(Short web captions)

◇ ◇ ◇ ◇ ◇ ◇ ◇

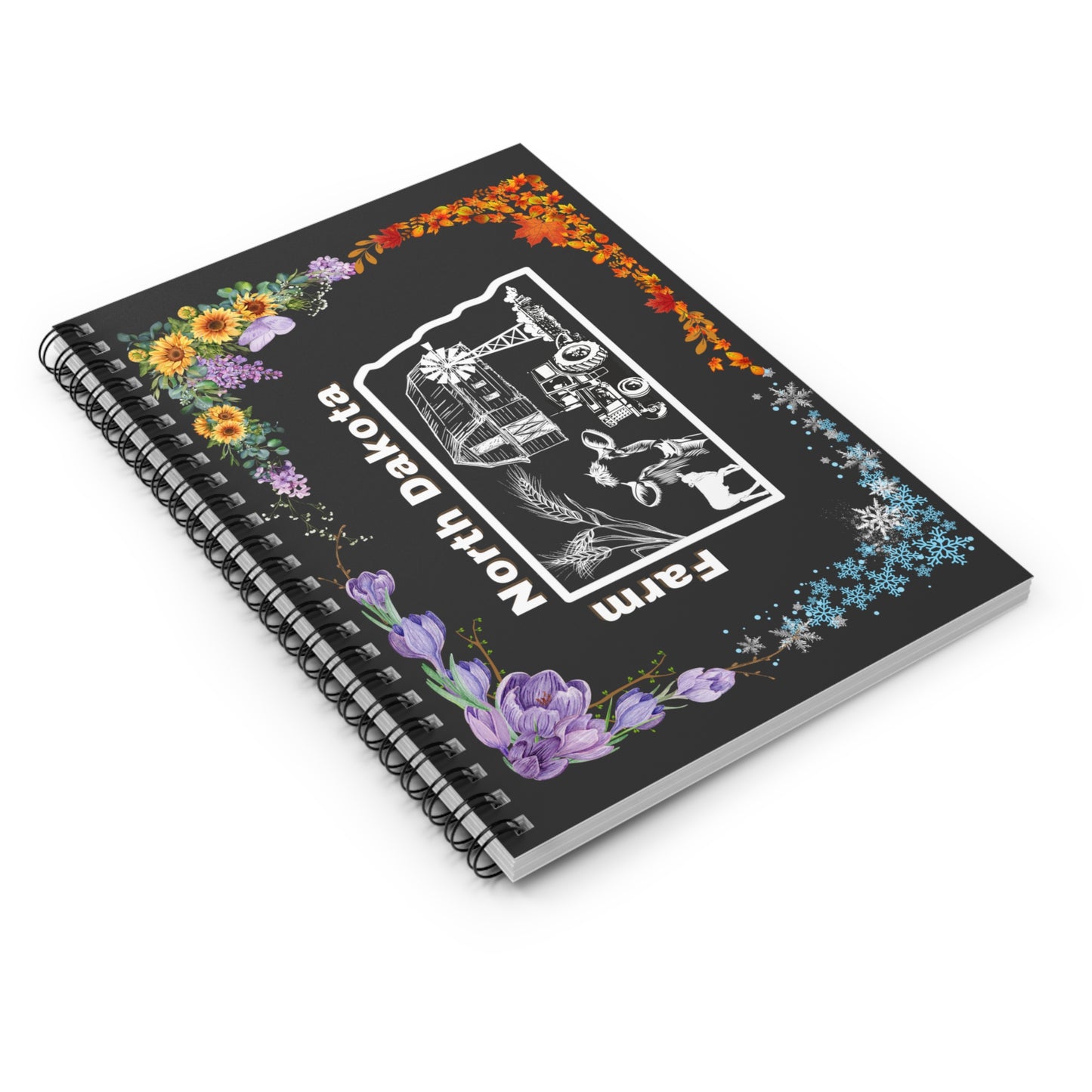 North Dakota Seasons, Spiral Notebook - Ruled Line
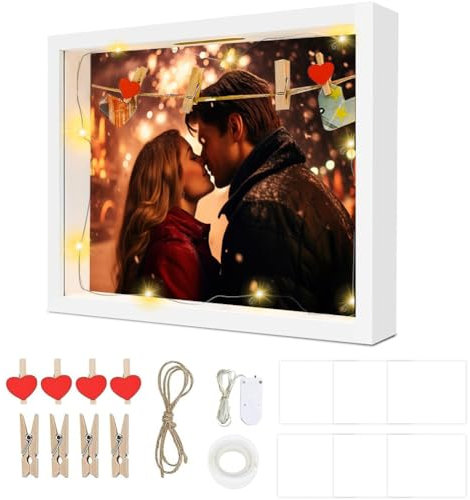 3D Bilderrahmen zum Befüllen - 27 x 22 x 5cm Bilderrahmen Tief mit Licht, Objektrahmen Hölzern, für Hochzeit Taufen Reisen Geburtstag Hochzeitsgeschenk, Weiß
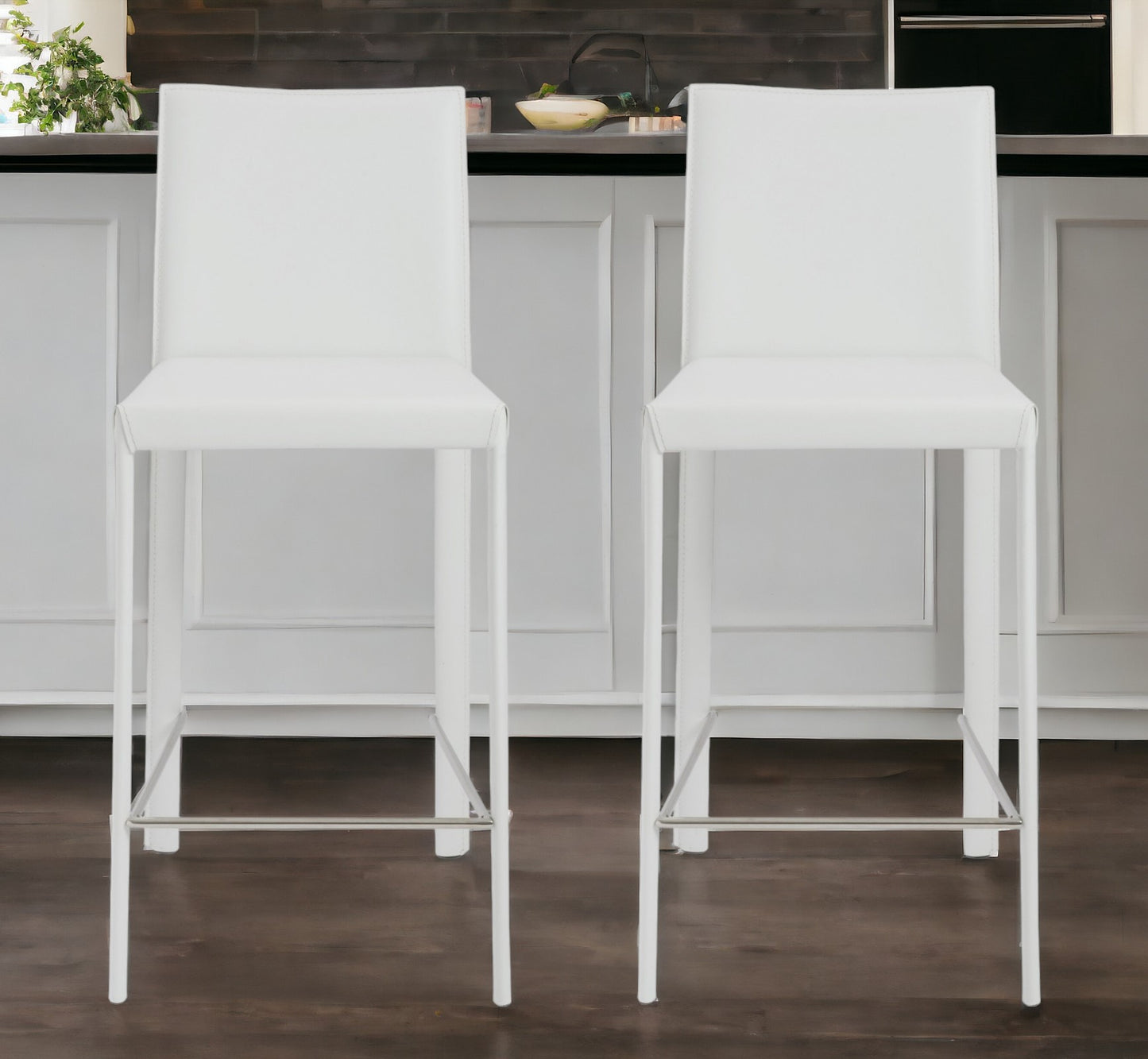 Set of Two 26" White Steel Low Back Counter Height Bar Chairs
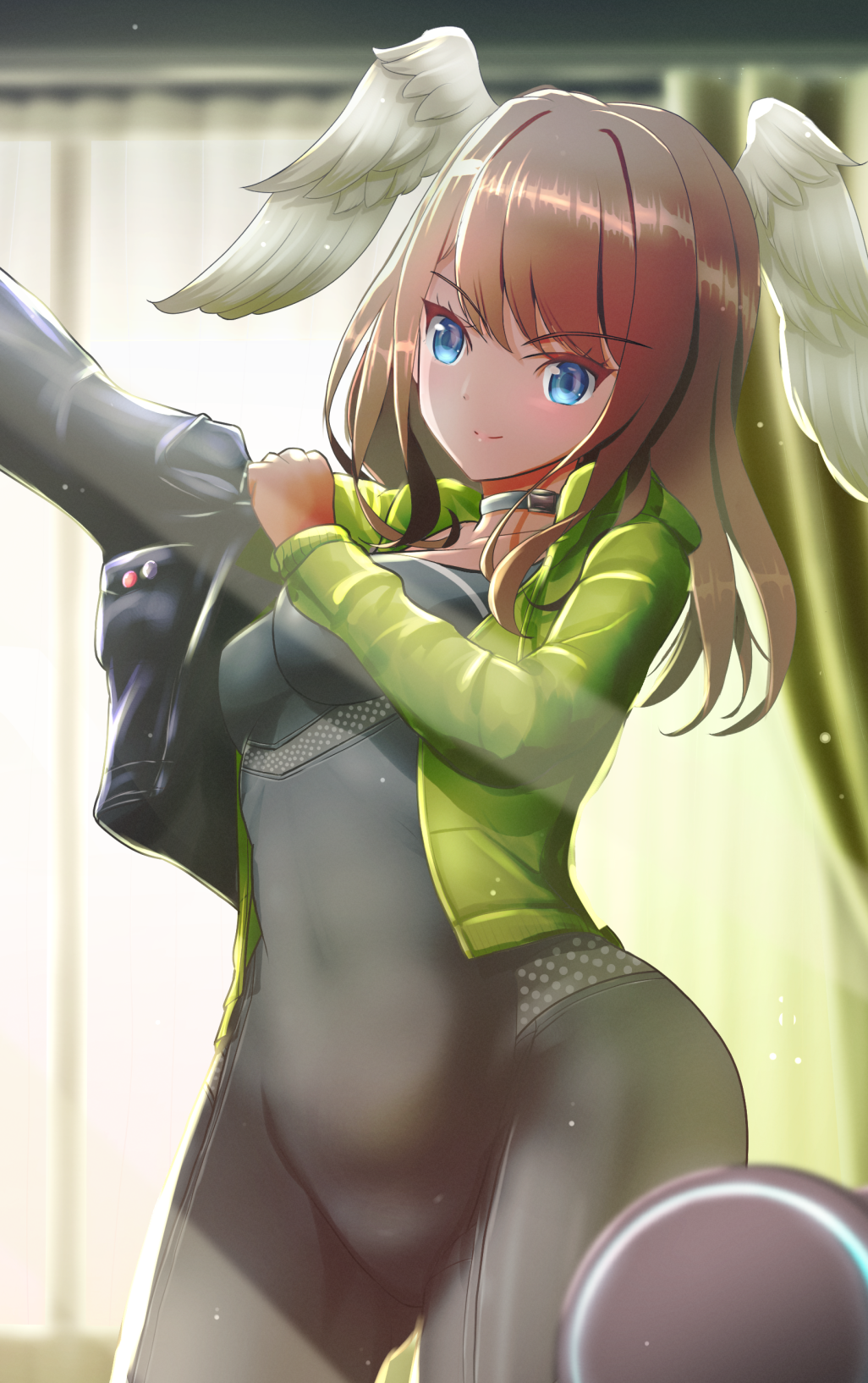1girl, black_bodysuit, blue_eyes, blue_pupils, bodysuit, eunie_(xenoblade), green_hoodie, head_wings, highres, hood, hoodie, inuneco, jacket, latex, latex_bodysuit, leather, leather_jacket, solo, white_wings, wings, xenoblade_chronicles_(series), xenoblade_chronicles_3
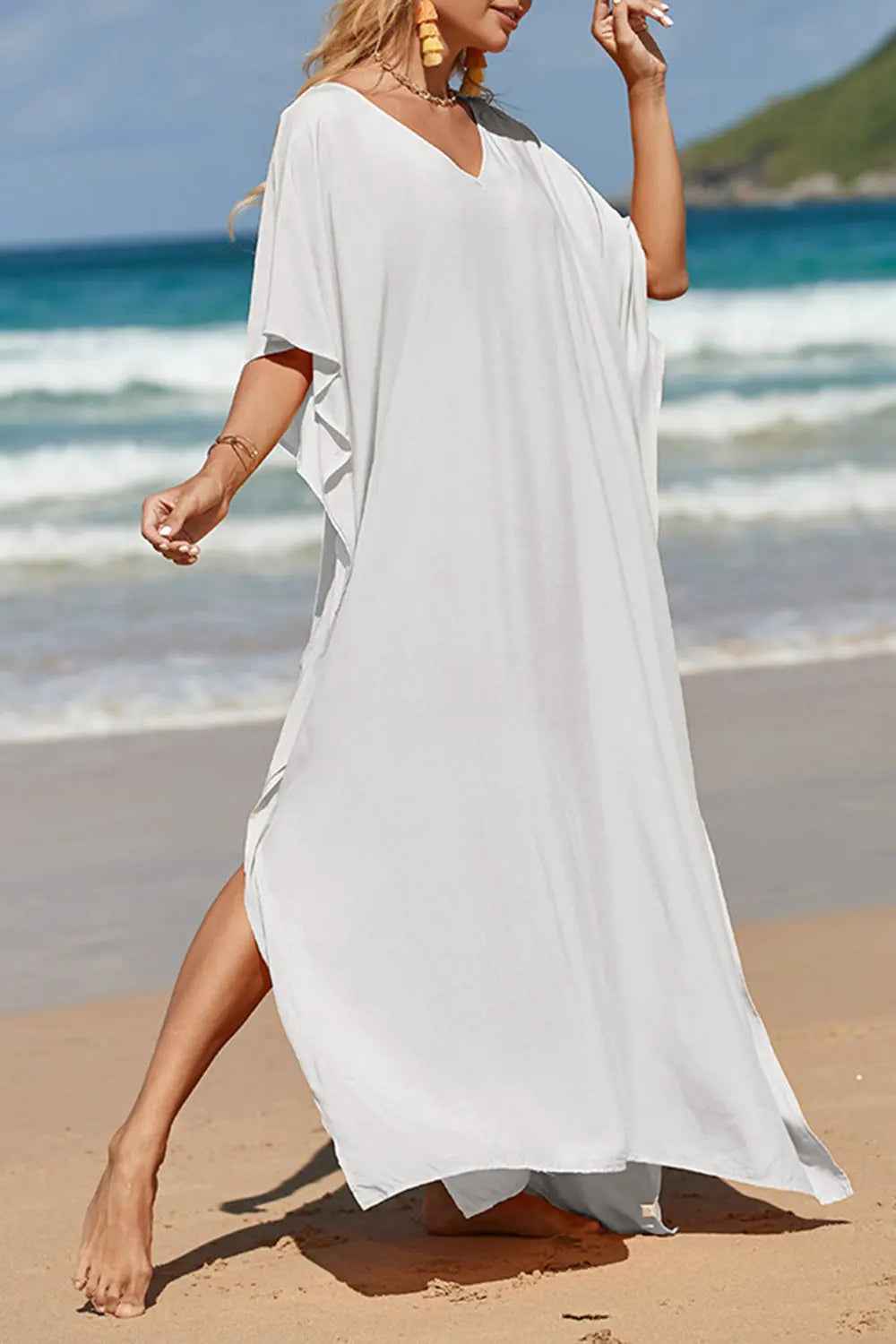 Slit V-Neck Half Sleeve Cover-Up - Mr Lou’s Place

◇ ◇ ◇ ◇ ◇ ◇ ◇

#### AIM OF THE TASK
Only the lines from the one containing "wings, xenoblade_chronicles_(series), xenoblade_chronicles_3" through the end of the records above should be retyped, exactly as they stand, with any pictures left out.

#### SOLUTION
1girl, black_bodysuit, blue_eyes, blue_pupils, bodysuit, eunie_(xenoblade), green_hoodie, head_wings, highres, hood, hoodie, inuneco, jacket, latex, latex_bodysuit, leather, leather_jacket, solo, white_wings, wings, xenoblade_chronicles_(series), xenoblade_chronicles_3
 Slit V-Neck Half Sleeve Cover-Up - Mr Lou’s Place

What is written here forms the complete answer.